Vincent Whittman knows how to control a story.
Even when it involves a dead man, a buried past, and a truth that should never surface.
He survives the only way he knows how: by becoming untouchable. By becoming something more.

But power doesn’t quiet the noise.
And some voices don’t stay gone.

Or: Vincent tries to survive Alastor’s death. And fails.

Notes:

English isn’t my first language, please forgive any mistakes or clumsy phrasing. I just hope you’ll enjoy the story all the same.❤️

(See the end of the work for more notes.)

Work Text:

The door slammed hard enough to rattle the cheap glass frame hanging crooked on the dressing room wall.

“Get the fuck out. All of you. I said alone.”

Vincent exhaled, sharp and uneven, like he’d been holding his breath for hours without noticing. His reflection stared back at him from the mirror: perfect hair, perfect suit, perfect fucking smile… You never fully dressed without one, that’s what he always fucking said… And he probably died with this fucking smile on. Why did he even listen to him? As if he was fucking trustworthy. After all, he also said he will never be caught…

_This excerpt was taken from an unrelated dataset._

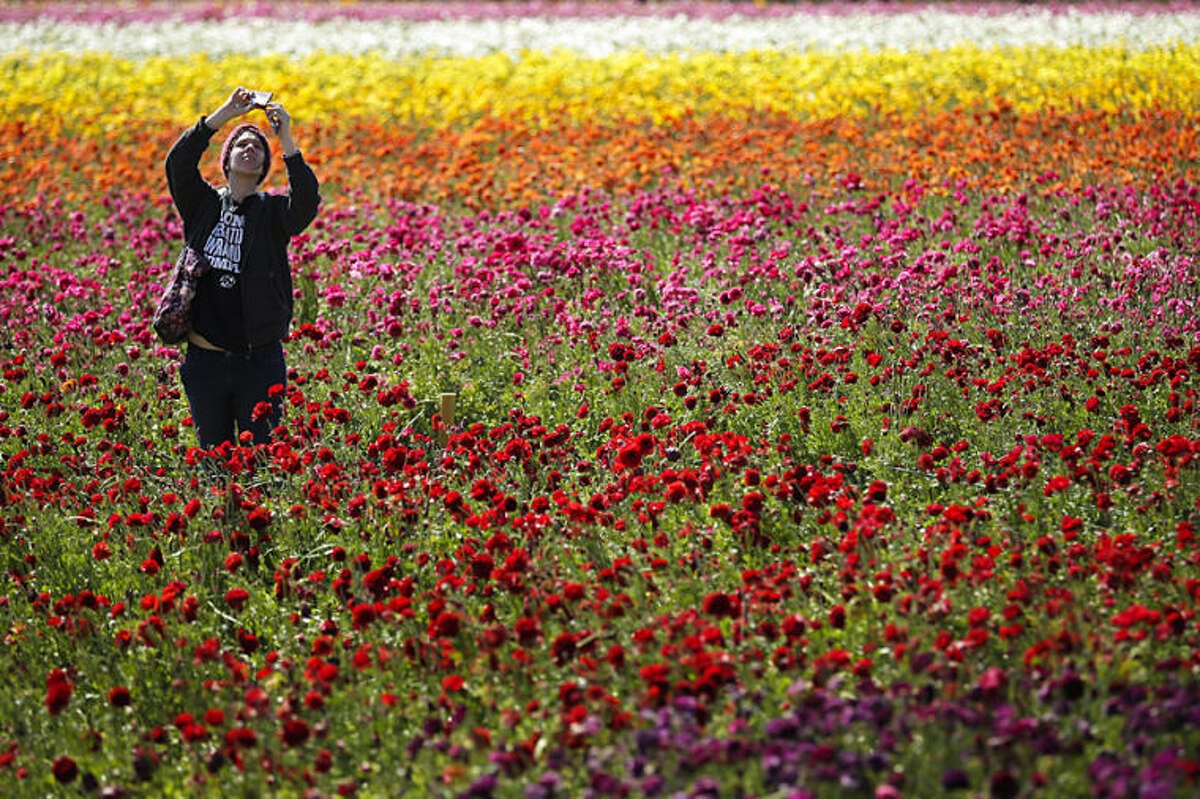 Emily Herren takes a picture with her phone as she visits the Flower Fields, Wednesday, April 2, 2014, in Carlsbad, Calif. A longtime Southern California attraction, the April blooms of colorful Ranunculus flowers at this roadside farm are a springtime tradition. (AP Photo/Gregory Bull)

His hand came up, fingers digging into his own cheek, dragging the corner of his mouth down until it hurt. The smile snapped, broke, dissolved into something rawer, uglier.

On the counter in front of him, the briefing folder lay open. He already knew what it said. He’d read it once. Then twice. Then a third time, slower, like maybe the words would rearrange themselves into something less… fucked. They hadn’t.

ALASTOR — RADIO ICON — FOUND DEAD IN WOODED AREA
APPARENT HUNTING ACCIDENT
ONGOING INVESTIGATION REVEALS LINK TO MULTIPLE HOMICIDES

Vincent’s fingers tightened on the edge of the counter. “Accident,” he muttered. “Yeah. Sure. Fucking accident.”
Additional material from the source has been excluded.